Tuesday, 21 July 2009

making a meal of it

So in my head one of the recurring themes about the trip North has been food. Good food that's also good for us, seasonal warm climate produce and the time to cook and eat with thought. But also the opportunity to do things a bit differently, to get better organised and planned about shopping and cooking, to experiment a bit with the how as well as the what.

And while Julia Child is not my ambition, I think there's some scope here for following Julie Powell's famous example and setting myself a little food oriented project, something I have to live up to. Is there a particular recipe book I'd really like to explore? A regional cuisine? A core ingredient? A technique?

I mean I'm not aiming for Master Chef, but I would like to progress my abilities and lift the overall tenor of our consumption. And I recognise that since the shortest distance between two points isn't always a straight line, a structured project that may seem to take me off track may in fact be the very best way to get to where I want to be.

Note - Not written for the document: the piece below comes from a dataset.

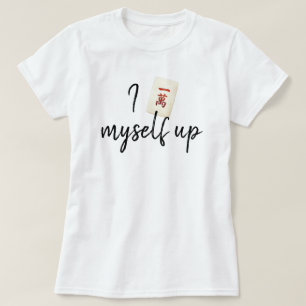T-shirt Mahjong drôle Je me fais rire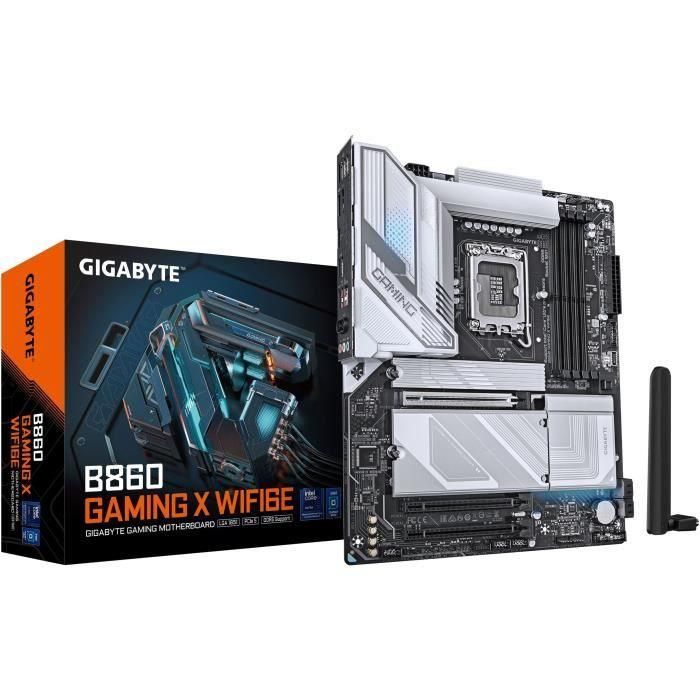 Gigabyte Placa Base B860 Gaming X, Socket LGA 1851, DDR5, Wi-Fi 6E, Bluetooth 5.3, USB 4.0, PCIe 5.0, Compatible con Intel Core Ultra 0 Gigabyte Placa Base B860 Gaming X, Socket LGA 1851, DDR5, Wi-Fi 6E, Bluetooth 5.3, USB 4.0, PCIe 5.0, Compatible con Intel Core Ultra 0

I've been thinking this through as I look at my recipe book collection and try to decide which if any I really need to take with me. I mean I'll have the internet for goodness sake, but will that really be enough? Is there anything I need to do before I go, are commitments required?

So all you guys out there with your favourite recipes and recipe books, and stories about food and cooking, and tricks and tips and ways you manage the never ending task of keeping families fed and healthy, why don't you tell me.

Tell me what my project should be
Tell me what I should cook
Tell me where I should find my recipes
Tell me what you've learned that's made you a better cook
Tell me

Can you tell I'm missing my sewing machine already?


innercitygarden said...

I decided a while ago, while in a food rut, to learn to make Indian food. My partner already had an Indian cook book, I think he found it on a remainder shelf, and I worked my way through it. It was, coincidentally, a really good tool for dealing with the random veggie box we used to get.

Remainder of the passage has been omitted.